Finalmente una bella notizia scuote gli animi di tutti noi appassionati
di poker sportivo a pochi giorni dall’inizio delle WSOP 2015: hanno
aggiustato la Ferrari di Samuel Trickett!Ricorderete che il ventinovenne inglese, che in carriera vanta vincite
lorde per oltre venti milioni di dollari, a febbraio aveva distrutto una
fiammante Ferrari 458 Spider dal valore commerciale di circa 200mila
euro. L’incidente, che fortunatamente non ha avuto nessuna conseguenza
fisica per gli occupanti dell’auto, ha però ridotto il mezzo a poco più
di un rottame, ma Samuel, fedele alla linea guida “perché buttare se si
può riparare”, ha portato l’auto dal suo carrozziere di fiducia il
quale, dopo tre mesi di alacre lavoro, gliel’ha rimessa a nuovo.
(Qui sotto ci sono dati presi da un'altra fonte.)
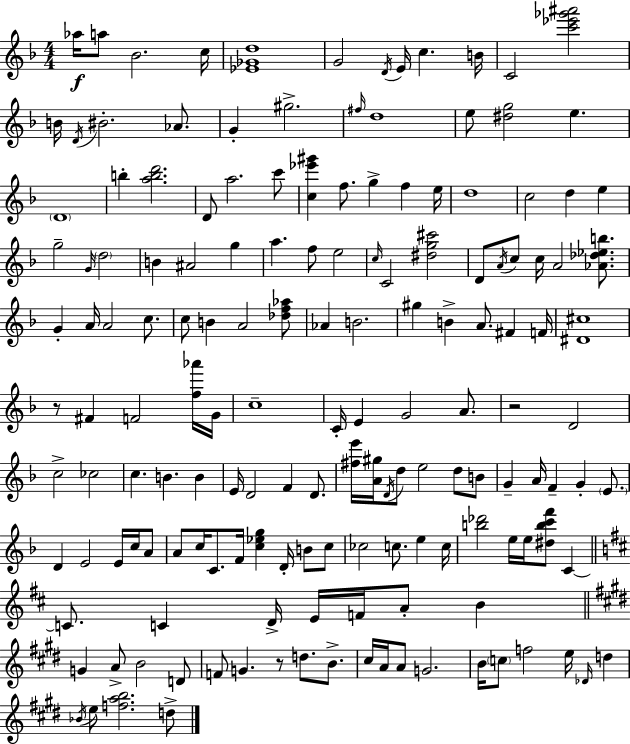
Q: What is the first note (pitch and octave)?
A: Ab5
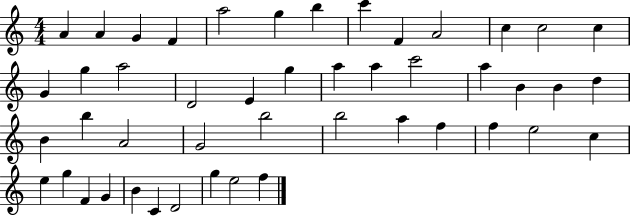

L’auto, acquistata nel 2012 è stata definita dallo stesso giocatore:
“La peggior decisione finanziaria della mia vita che però non riesce a
smettere di farmi sorridere” Mai definizione fu più azzeccata, mi chiedo
solo se Samuel Trickett,
altresì noto alle cronache per essersi spupazzato la bellissima modella
Natasha Sandhu, abbia sorriso anche dopo aver visto la fattura della
riparazione!
Proseguendo con la consueta carrellata di notizie bislacche vi devo
assolutamente segnalare questa chicca. Chad Holloway, poker pro
americano, ha deciso di cambiare il suo business senza però allontanarsi
dall’amato poker.
Si è così dato ai fumetti, pubblicando un album dall’incisivo titolo di: World Series of Zombie.
Vi giuro che è tutto vero! L’albo è attualmente scaricabile online sul
sito di comixology.com alla modica cifra di 1,99 dollari, ma durante le
WSOP 2015 si potrà acquistare anche la versione cartacea così da avere qualcosa da leggere durante le pause dei tornei.
L’ardito progetto coniuga sapientemente giocatori di poker e zombie, due
figure notoriamente similari….. Com’era prevedibile fanno comparsa
molti giocatori professionisti famosi facilmente riconoscibili nelle
pagine dell’albo. A quanto pare solo i giocatori professionisti di poker
sanno sopravvivere da un attaccato di non morti.Spoiler alert: Doyle Brunson
che diventa un zombie e guida una carrozzina motorizzata seminando il
panico nelle sale del Rio è qualcosa che speravo di non dover mai vedere
in tutta la mia vita!E per restare in tema di WSOP chiudiamo con una delle mani più
“lollose” giocate negli ultimi main event. Siamo nel 2012, l’anno di
Greg Merson. A 18 left ci sono ancora due donne presenti: Elisabet Hille
e Gaelle Baumann che poi chiuderanno rispettivamente all’undicesimo e
decimo posto. La mano in esame vede contrapposti proprio la Baumann
contro l’australiano David Balkin. Apre Balkin con coppia di dieci,
chiama Gaelle in posizione con AJ a cuori. Il flop porta un asso, un
dieci ed una carta a cuori. L’australiano cbetta il suo middle set e la
Baumann chiama.
Al turn altra carta a cuori, second barrell di Balkin e nuovo call
della giocatrice francese. Al river scende un cuori grosso come una casa
che da il flush nuts alla transalpina. Balkin, incurante degli eventi,
con indosso degli occhiali scuri che non userebbe nemmeno un cieco che
chiede la carità, va all in e si vede instant snappare da Gaelle. Qui
parte la comica:
Balkin che a causa degli occhiali neri non si è
evidentemente accorto del colore della francese è convinto di aver
vinto la mano con set di dieci ed inizia ad esultare come se avesse già
vinto il main event, fino a quando interviene Robert Salaburu, giocatore
anche lui presente al tavolo, con un sibillino: “Ehi, you lost bro!”
Piccolo consiglio da due soldi: non indossate occhiali da ciechi se non
riuscite a distinguere i semi sul board, così magari evitate di essere
eliminati dal torneo di poker più importante al mondo!